**Task brief**
Work out how many lines of the data below hold the string "Gold". Answer with that number alone.
+++ Source material
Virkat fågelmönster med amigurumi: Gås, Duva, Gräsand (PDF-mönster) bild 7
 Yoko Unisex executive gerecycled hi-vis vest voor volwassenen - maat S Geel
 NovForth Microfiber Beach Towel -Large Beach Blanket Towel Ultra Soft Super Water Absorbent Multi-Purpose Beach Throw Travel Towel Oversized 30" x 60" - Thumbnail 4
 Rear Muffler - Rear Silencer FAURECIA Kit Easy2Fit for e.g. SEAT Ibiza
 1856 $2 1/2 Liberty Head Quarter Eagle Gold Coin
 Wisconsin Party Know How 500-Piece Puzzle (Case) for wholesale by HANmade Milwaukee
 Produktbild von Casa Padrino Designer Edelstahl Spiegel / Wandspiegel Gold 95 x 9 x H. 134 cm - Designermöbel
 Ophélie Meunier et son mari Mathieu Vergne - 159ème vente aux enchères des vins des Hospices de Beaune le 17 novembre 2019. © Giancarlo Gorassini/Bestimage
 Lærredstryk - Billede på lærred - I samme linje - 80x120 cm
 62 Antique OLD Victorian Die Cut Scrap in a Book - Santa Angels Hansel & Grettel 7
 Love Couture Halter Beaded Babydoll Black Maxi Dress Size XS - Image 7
++++++
**Response area**
2